[SUPPLIED DATA Boundary: Start]

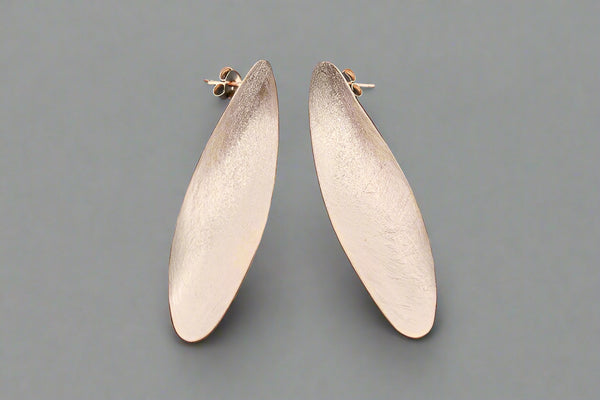 Aphrodite tear stud - rose gold over silver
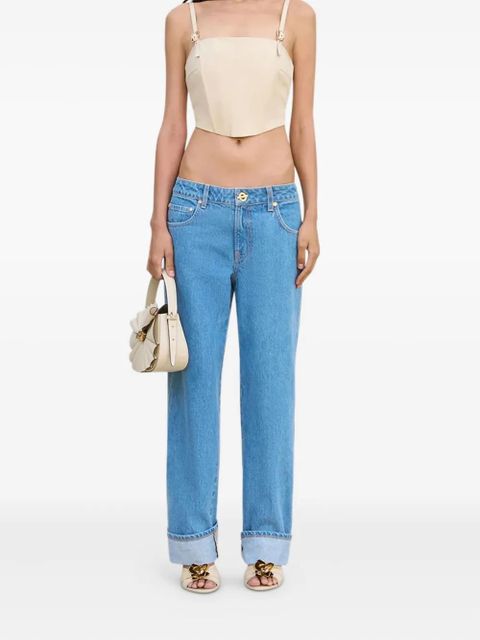 Cult Gaia Loren buckle-strap corset top - Neutrals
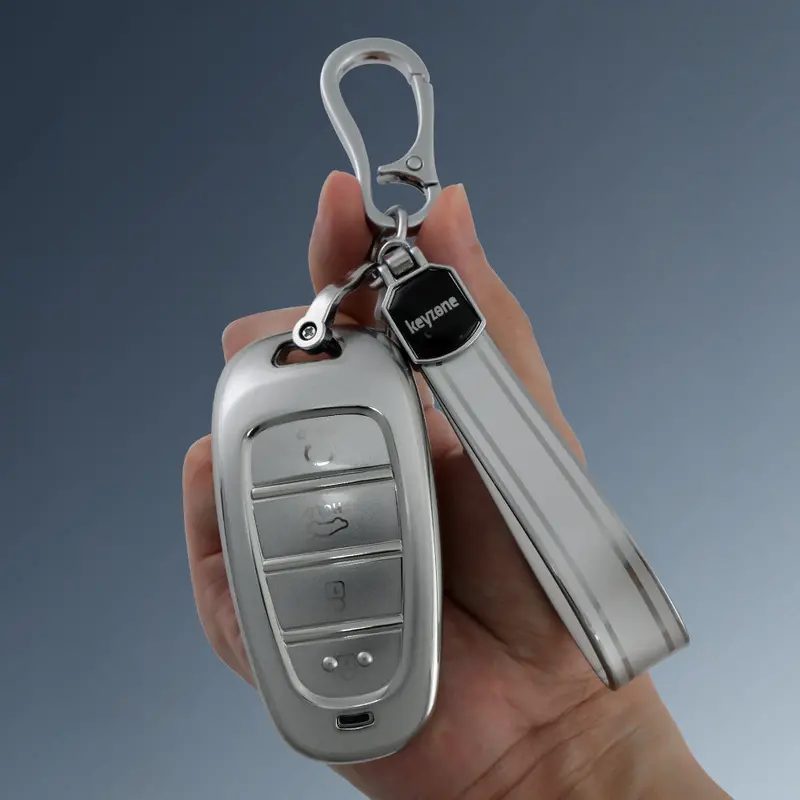 Keyzone Silver Dust Tpu Key Cover & Keychain For Tucson 4 Button Smart Key (Sdtp75, Sdtpkeychain) 1
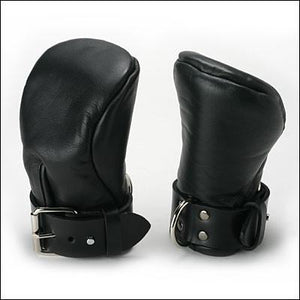Premium Leather Deluxe Padded Fist Mitts SM or ML Bondage - Premium Luxury Bondage Gear XRLLC Small/Medium 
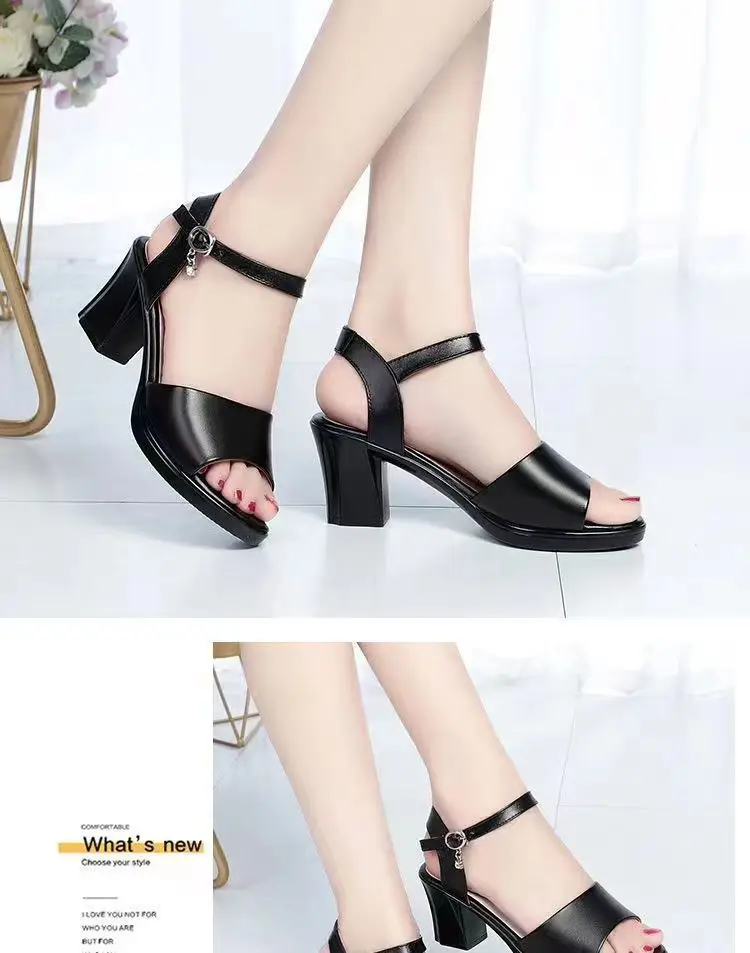 2025 Summer New Style Fish-toe Sandals Women's Thick Heel Middle-aged Women's Sandals All-match One-word Buckle Belt Mother High-heeled Shoes Women's — feature 6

[SUPPLIED DATA Boundary: End]

== EXERCISE PROMPT ==
Set down word for word the lines beginning with the one containing "Cult Gaia Loren" and ending with the last line of the listing, inclusive. Omit every picture.

== WRITTEN ANSWER ==
 Cult Gaia Loren buckle-strap corset top - Neutrals
 Keyzone Silver Dust Tpu Key Cover & Keychain For Tucson 4 Button Smart Key (Sdtp75, Sdtpkeychain) 1
Premium Leather Deluxe Padded Fist Mitts SM or ML Bondage - Premium Luxury Bondage Gear XRLLC Small/Medium 
 2025 Summer New Style Fish-toe Sandals Women's Thick Heel Middle-aged Women's Sandals All-match One-word Buckle Belt Mother High-heeled Shoes Women's — feature 6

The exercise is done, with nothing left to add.